Autonomous driving is still very far from entering our everyday life as the technology is still under development and it is hard to be commercialized. However, its root, active assistive driving system, or some might say ADAS, short for Advanced Driver Assistant System, has reached the commercialization phase long ago and had brought up an unicorn company valued at nearly ten billion—— the Israeli-based Mobileye.
Mobileye’s products are powered by computer vision technology and based on single camera sensor. They provide drivers with safe-guarding assistive functions such as Lane Departure Warning (LDW) that alerts the driver of unintended/unindicated lane departure; Forward Collision Warning (FCW) indicates that under the current dynamics relative to the vehicle ahead, a collision is imminent. Mobileye is now valued at $8.545 billion and was once electric car giant Tesla’s partner. Mobileye’s status in Israel is similar to that of Baidu, Alibaba and Tencent in China.
Challenging the giants is, as a matter of fact, a short cut to achievement. In this hot autonomous scene, Chinese startup tech firm MINIEYE is looking to get a cut of shares from the vision-based advanced driver assistance systems (ADAS) market led by Mobileye, emerging as another challenger.
MINIEYE was founded in 2013. Its predecessor was a development project on Advanced Driver Assistance System (ADAS) funded by the MDA of Singapore government. At present, MINIEYE’s self-developed ADAS products can provide features including Forward Collision Warning, Virtual Bumper, Stop & Go, Lane Departure Warning, and HMW.
Whether it’s the technologies and the company name, it’s apparent that MINIEYE is following Mobileye’s path. This young company’s founder Liu Guoqing has once stated that they are going to become China’s Mobileye. And he did take actions to make that happen very soon.
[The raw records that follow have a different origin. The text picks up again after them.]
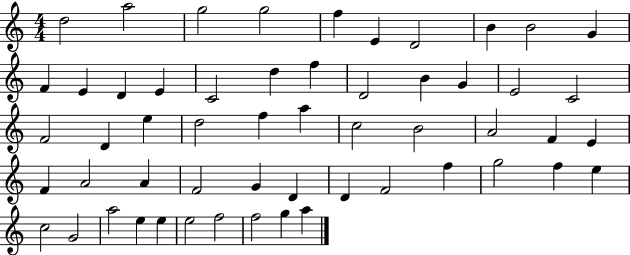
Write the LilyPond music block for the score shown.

{
  \clef treble
  \numericTimeSignature
  \time 4/4
  \key c \major
  d''2 a''2 | g''2 g''2 | f''4 e'4 d'2 | b'4 b'2 g'4 | \break f'4 e'4 d'4 e'4 | c'2 d''4 f''4 | d'2 b'4 g'4 | e'2 c'2 | \break f'2 d'4 e''4 | d''2 f''4 a''4 | c''2 b'2 | a'2 f'4 e'4 | \break f'4 a'2 a'4 | f'2 g'4 d'4 | d'4 f'2 f''4 | g''2 f''4 e''4 | \break c''2 g'2 | a''2 e''4 e''4 | e''2 f''2 | f''2 g''4 a''4 | \break \bar "|."
}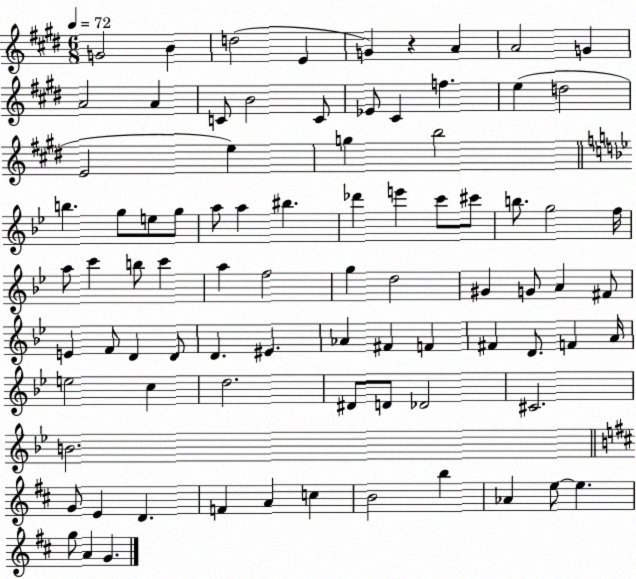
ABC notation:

X:1
T:Untitled
M:6/8
L:1/4
K:E
G2 B d2 E G z A A2 G A2 A C/2 B2 C/2 _E/2 ^C f e d2 E2 e g b2 b g/2 e/2 g/2 a/2 a ^b _d' e' c'/2 ^c'/2 b/2 g2 f/4 a/2 c' b/2 c' a f2 g d2 ^G G/2 A ^F/2 E F/2 D D/2 D ^E _A ^F F ^F D/2 F A/4 e2 c d2 ^D/2 D/2 _D2 ^C2 B2 G/2 E D F A c B2 b _A e/2 e g/2 A G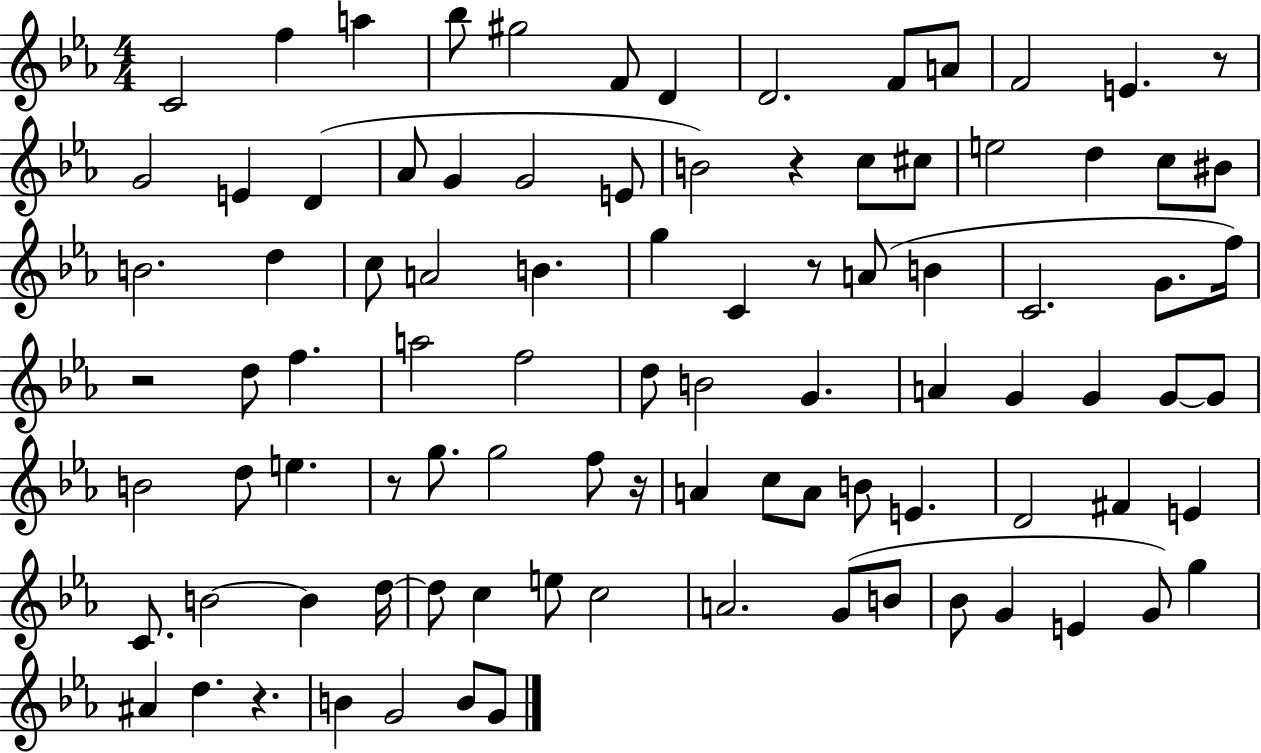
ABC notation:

X:1
T:Untitled
M:4/4
L:1/4
K:Eb
C2 f a _b/2 ^g2 F/2 D D2 F/2 A/2 F2 E z/2 G2 E D _A/2 G G2 E/2 B2 z c/2 ^c/2 e2 d c/2 ^B/2 B2 d c/2 A2 B g C z/2 A/2 B C2 G/2 f/4 z2 d/2 f a2 f2 d/2 B2 G A G G G/2 G/2 B2 d/2 e z/2 g/2 g2 f/2 z/4 A c/2 A/2 B/2 E D2 ^F E C/2 B2 B d/4 d/2 c e/2 c2 A2 G/2 B/2 _B/2 G E G/2 g ^A d z B G2 B/2 G/2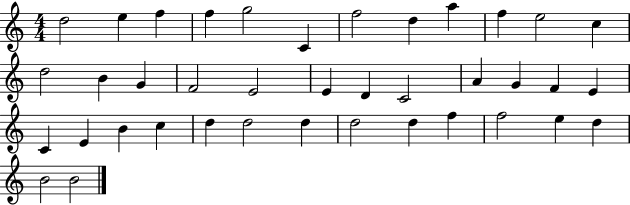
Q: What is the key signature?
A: C major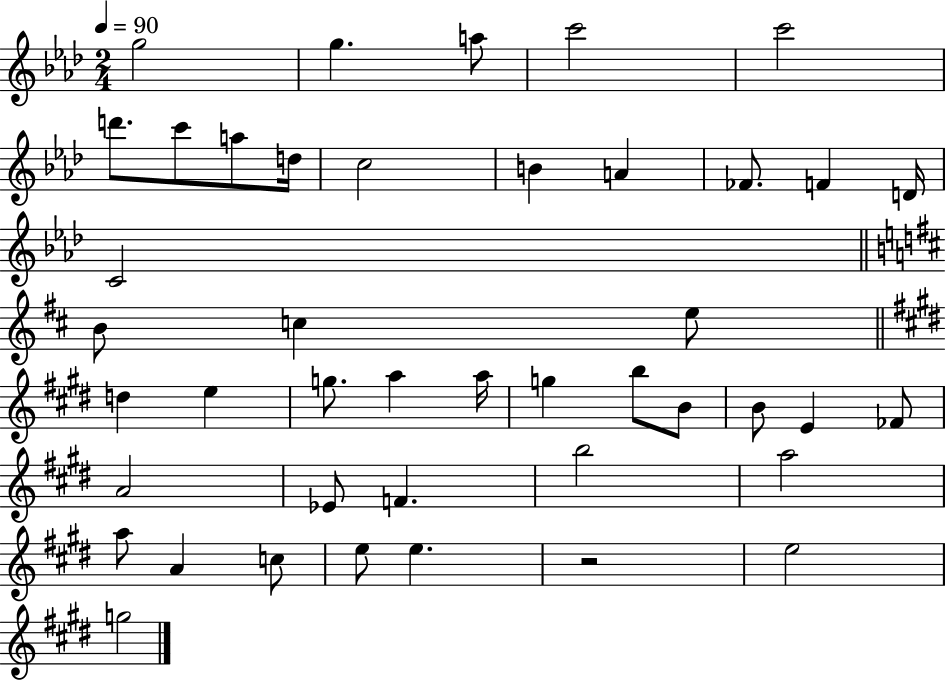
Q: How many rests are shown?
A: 1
Just recently, MINIEYE had performed test runs in 16 cities in the country for benchmarking Mobileye’s accuracy on the alarm system.
Liu Guoqing , shared results of a successful benchmark test during a recent symposium:
In a 17,000-kilometer-long test drive through cold weather in the Northeast and mountainous roads in Southwest China, the car carrying MINIEYE`s first self-developed ADAS is very close to outperforming Mobileye's model regarding four functions in particular: Forward Collision Warning(95.2%), Lane Departure Warning(100.9%), Virtual Bumper(97.1%), and HMW(96%).
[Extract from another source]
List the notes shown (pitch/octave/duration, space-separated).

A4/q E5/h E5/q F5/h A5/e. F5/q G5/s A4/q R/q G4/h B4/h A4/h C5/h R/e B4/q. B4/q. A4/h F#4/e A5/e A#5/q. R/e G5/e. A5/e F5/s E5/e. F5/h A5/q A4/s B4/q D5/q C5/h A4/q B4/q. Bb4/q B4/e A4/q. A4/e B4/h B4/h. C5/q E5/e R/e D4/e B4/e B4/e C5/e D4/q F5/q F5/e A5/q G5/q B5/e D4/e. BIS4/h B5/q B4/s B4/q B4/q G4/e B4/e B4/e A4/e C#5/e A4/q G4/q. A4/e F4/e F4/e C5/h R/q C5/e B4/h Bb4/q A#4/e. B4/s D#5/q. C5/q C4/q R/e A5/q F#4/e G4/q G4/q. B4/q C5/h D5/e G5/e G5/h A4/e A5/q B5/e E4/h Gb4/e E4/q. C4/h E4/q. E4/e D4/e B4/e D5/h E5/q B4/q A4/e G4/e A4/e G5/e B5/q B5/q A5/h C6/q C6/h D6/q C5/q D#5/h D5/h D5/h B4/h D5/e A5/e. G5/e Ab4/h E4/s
Liu Guoqing stated that although MINIEYE’s products haven’t 100% caught up with Mobileye, they are already in the same level.
Benchmarking Mobileye in the pre-market sector
The products tested for benchmarking this time are aftermarket products. In Liu’s opinion, the aftermarket sector would be a better realm to kickstart the business since it spares the company from the complicated pre-market automobile R&D process.
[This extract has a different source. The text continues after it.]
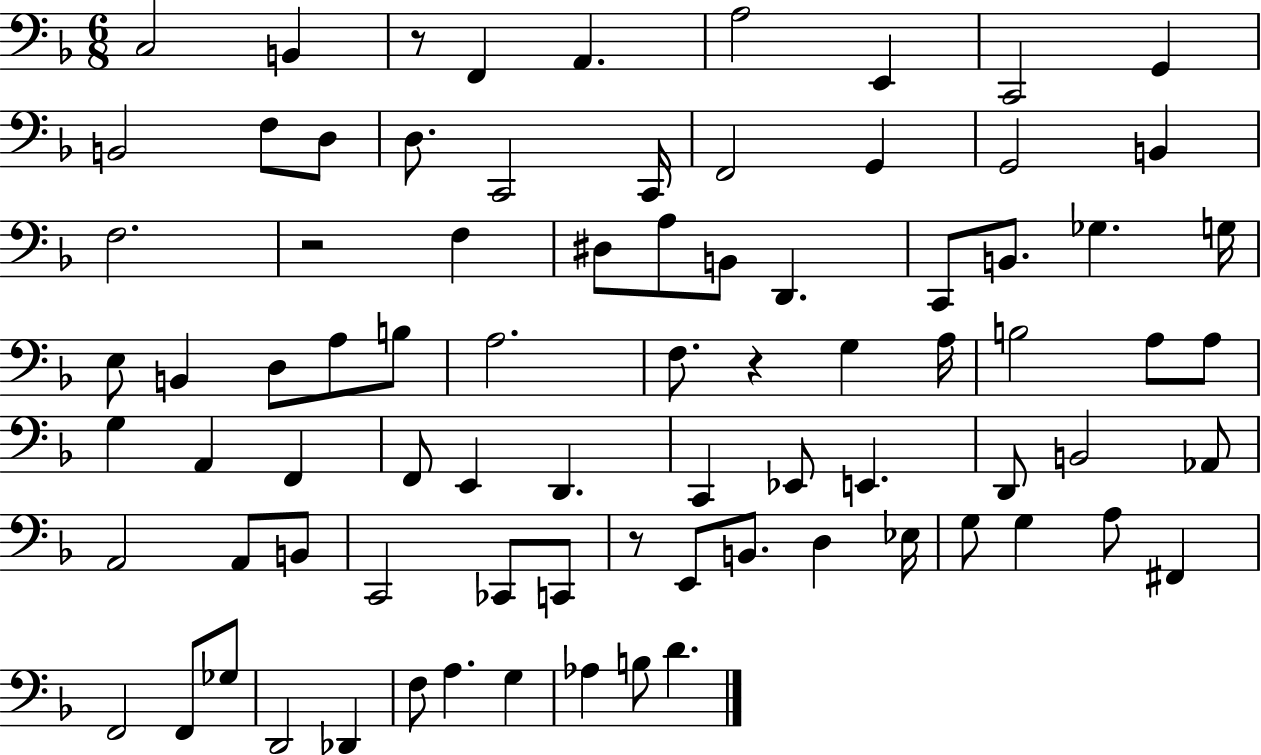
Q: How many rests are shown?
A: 4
Mobileye achieved a very competitive revenue volume in the aftermarket sector in Q3 this year and MINIEYE is hoping to set a disruptive pricing for its products so as to ensure a cash flow in time. After showing its products to the public in late 2016, MINIEYE has received groups of orders from the aftermarket sector. Liu Guoqing revealed to TMTpost that the final pricing would be around ￥2000-￥3000 and the aftermarket products equivalent to Mobileye’s could be priced at up to ￥10,000.
Aftermarket products include gadgets that are common in the market like automobile data recorders with ADAS features, rearview mirrors, HUD etc. These products can achieve some functions but lack response speed and full functions. In addition to that, auto makers tend to push away aftermarket products by installing many protection measures to keep aftermarket product providers from breaching the internal data protocol of the cars. This results in the fact that it’s hard for aftermarket products to have access to the data inside the car, which keeps the car from becoming truly intelligent.
Of course, MINIEYE wants to do so much more than that. As a ADAS technology provider, MINIEYE has to cooperate closely with auto makers in order to get a share of the greater autonomous driving market. The startup would need to penetrate the pre-market sector and deal with the protocols of the cars to achieve data flow and intelligence.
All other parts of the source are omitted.